### WORK TO COMPLETE
Quote exactly the lines running from the line with "Fahmi, F., Santun, R.P.S., &" to the end of the entries, including both, and nothing else.

Saved entries:
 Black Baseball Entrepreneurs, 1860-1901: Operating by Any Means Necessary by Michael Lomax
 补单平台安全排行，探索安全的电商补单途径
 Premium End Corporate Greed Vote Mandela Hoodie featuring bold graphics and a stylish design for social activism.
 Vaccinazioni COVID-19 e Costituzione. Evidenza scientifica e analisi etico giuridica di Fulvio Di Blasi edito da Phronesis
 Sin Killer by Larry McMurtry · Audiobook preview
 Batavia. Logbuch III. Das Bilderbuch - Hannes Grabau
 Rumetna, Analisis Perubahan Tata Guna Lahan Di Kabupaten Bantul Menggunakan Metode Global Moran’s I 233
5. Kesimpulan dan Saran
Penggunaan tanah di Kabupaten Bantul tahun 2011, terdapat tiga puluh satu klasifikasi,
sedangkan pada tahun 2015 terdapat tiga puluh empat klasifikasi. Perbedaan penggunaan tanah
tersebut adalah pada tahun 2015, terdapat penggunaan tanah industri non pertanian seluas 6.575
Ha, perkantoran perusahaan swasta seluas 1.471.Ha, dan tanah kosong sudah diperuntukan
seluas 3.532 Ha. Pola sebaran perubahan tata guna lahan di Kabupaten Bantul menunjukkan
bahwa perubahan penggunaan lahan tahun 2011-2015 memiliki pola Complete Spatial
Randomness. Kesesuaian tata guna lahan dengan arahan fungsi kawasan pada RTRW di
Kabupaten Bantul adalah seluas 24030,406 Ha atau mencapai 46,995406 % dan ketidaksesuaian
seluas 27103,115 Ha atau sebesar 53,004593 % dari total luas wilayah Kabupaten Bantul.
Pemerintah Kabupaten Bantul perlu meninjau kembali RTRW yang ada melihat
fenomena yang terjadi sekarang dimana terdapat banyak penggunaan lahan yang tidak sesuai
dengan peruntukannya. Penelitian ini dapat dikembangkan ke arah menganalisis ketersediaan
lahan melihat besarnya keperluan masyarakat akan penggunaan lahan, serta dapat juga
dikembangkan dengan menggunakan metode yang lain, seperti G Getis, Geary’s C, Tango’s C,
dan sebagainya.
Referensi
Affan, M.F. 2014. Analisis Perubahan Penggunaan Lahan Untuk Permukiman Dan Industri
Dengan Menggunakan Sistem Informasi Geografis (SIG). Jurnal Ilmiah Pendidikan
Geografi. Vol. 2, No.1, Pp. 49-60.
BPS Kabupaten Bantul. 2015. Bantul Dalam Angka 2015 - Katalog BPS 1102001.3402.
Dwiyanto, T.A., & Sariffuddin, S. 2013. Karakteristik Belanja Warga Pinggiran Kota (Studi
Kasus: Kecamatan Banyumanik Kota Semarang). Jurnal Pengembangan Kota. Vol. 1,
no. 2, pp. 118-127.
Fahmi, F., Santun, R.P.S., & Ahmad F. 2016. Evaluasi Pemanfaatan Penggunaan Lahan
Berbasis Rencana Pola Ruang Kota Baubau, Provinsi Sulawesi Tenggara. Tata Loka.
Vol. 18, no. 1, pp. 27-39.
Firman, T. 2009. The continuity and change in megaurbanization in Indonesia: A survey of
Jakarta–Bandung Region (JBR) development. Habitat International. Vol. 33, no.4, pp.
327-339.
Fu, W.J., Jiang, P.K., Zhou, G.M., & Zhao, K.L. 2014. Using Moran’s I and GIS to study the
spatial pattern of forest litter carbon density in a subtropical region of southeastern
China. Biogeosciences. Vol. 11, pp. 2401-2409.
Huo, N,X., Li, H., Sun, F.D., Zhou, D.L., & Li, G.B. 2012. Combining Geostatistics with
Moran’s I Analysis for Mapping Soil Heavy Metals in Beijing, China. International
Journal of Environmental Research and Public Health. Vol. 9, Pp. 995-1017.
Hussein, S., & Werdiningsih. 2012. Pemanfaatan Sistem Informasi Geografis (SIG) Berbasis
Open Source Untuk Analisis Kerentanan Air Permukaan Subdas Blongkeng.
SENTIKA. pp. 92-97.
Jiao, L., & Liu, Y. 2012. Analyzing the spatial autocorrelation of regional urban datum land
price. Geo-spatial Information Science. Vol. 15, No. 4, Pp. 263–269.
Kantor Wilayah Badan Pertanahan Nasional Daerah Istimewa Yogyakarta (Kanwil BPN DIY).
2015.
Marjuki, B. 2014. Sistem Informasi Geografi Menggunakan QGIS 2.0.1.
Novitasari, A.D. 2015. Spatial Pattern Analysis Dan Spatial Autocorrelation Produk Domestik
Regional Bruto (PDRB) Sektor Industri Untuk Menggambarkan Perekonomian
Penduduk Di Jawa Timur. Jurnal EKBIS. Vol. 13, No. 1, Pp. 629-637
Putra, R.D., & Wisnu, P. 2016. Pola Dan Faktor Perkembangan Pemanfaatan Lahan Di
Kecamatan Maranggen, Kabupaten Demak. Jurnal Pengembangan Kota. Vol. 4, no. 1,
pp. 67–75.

### RESPONSE AREA
Fahmi, F., Santun, R.P.S., & Ahmad F. 2016. Evaluasi Pemanfaatan Penggunaan Lahan
Berbasis Rencana Pola Ruang Kota Baubau, Provinsi Sulawesi Tenggara. Tata Loka.
Vol. 18, no. 1, pp. 27-39.
Firman, T. 2009. The continuity and change in megaurbanization in Indonesia: A survey of
Jakarta–Bandung Region (JBR) development. Habitat International. Vol. 33, no.4, pp.
327-339.
Fu, W.J., Jiang, P.K., Zhou, G.M., & Zhao, K.L. 2014. Using Moran’s I and GIS to study the
spatial pattern of forest litter carbon density in a subtropical region of southeastern
China. Biogeosciences. Vol. 11, pp. 2401-2409.
Huo, N,X., Li, H., Sun, F.D., Zhou, D.L., & Li, G.B. 2012. Combining Geostatistics with
Moran’s I Analysis for Mapping Soil Heavy Metals in Beijing, China. International
Journal of Environmental Research and Public Health. Vol. 9, Pp. 995-1017.
Hussein, S., & Werdiningsih. 2012. Pemanfaatan Sistem Informasi Geografis (SIG) Berbasis
Open Source Untuk Analisis Kerentanan Air Permukaan Subdas Blongkeng.
SENTIKA. pp. 92-97.
Jiao, L., & Liu, Y. 2012. Analyzing the spatial autocorrelation of regional urban datum land
price. Geo-spatial Information Science. Vol. 15, No. 4, Pp. 263–269.
Kantor Wilayah Badan Pertanahan Nasional Daerah Istimewa Yogyakarta (Kanwil BPN DIY).
2015.
Marjuki, B. 2014. Sistem Informasi Geografi Menggunakan QGIS 2.0.1.
Novitasari, A.D. 2015. Spatial Pattern Analysis Dan Spatial Autocorrelation Produk Domestik
Regional Bruto (PDRB) Sektor Industri Untuk Menggambarkan Perekonomian
Penduduk Di Jawa Timur. Jurnal EKBIS. Vol. 13, No. 1, Pp. 629-637
Putra, R.D., & Wisnu, P. 2016. Pola Dan Faktor Perkembangan Pemanfaatan Lahan Di
Kecamatan Maranggen, Kabupaten Demak. Jurnal Pengembangan Kota. Vol. 4, no. 1,
pp. 67–75.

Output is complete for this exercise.